A city traffic department wants to collect traffic data using swarm UAVs (drones) from a number of locations in the city and use the data collected for improving traffic flow in the city and for a number of other undisclosed projects.
- Your startup is responsible for creating a scalable data warehouse that will host the vehicle trajectory data extracted by analysing footage taken by swarm drones and static roadside cameras.
- The data warehouse should take into account future needs, organise data such that a number of downstream projects query the data efficiently.
- In Downloads – pNEUMA | open-traffic (epfl.ch) you can find a pNEUMA data: pNEUMA is an open large-scale dataset of naturalistic trajectories of half a million vehicles that have been collected by a one-of-a-kind experiment by a swarm of drones in the congested downtown area of Athens, Greece.
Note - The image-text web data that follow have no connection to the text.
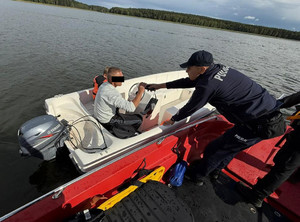 Policjant bada trzeźwość sternika łodzi motorowej.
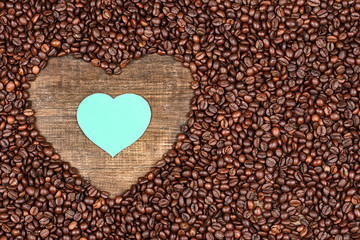 Heart of coffee beans on a wooden surface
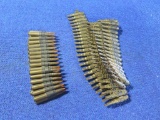 86 .308 Winchester blanks on links and 33rds 30-06 tracer rounds on links,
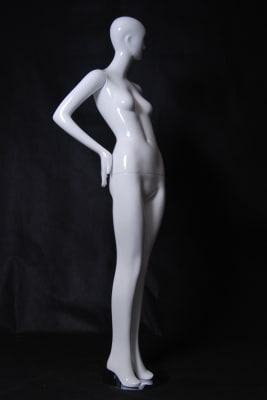 Glossy White Female Mannequin with Abstract Head from www.zingdisplay.com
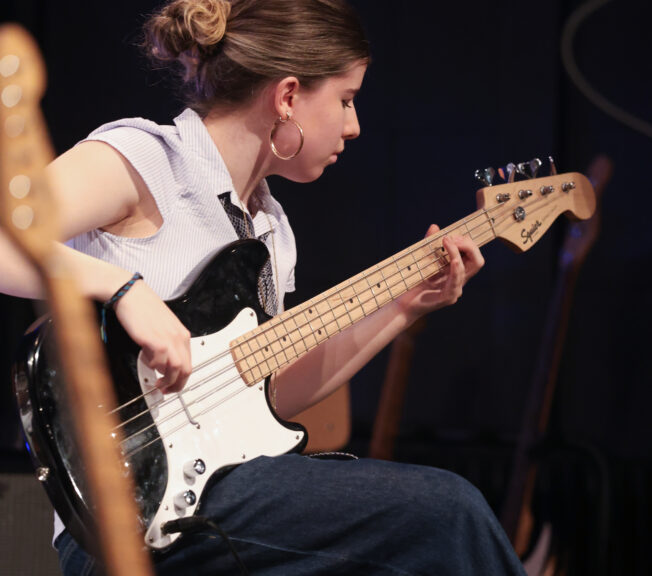 A female student sits and plays a black electric guitar on stage during a concert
Each file for a single (area, date, time) is ~87MB data.
Structure of the repository:
├── models (contains trained model)
├── .github (github workflows for CI/CD, CML)
├── screenshots (Airflow DAG screenshots)
├── data (contains data versioning metedata)
├── scripts (contains the main script)
│ ├── logger.py (logger for the project)
│ ├── preprocessing.py (dataset preprocessing)
├── notebooks
│ ├── trajectory_data_EDA.ipynb
├── tests
│ ├── test_preprocessing.py (test for the preprocessing script)
├── README.md (contains the project description)
├── requirements.txt (contains the required packages)
|── LICENSE (license of the project)
└── .dvc (contains the dvc configuration)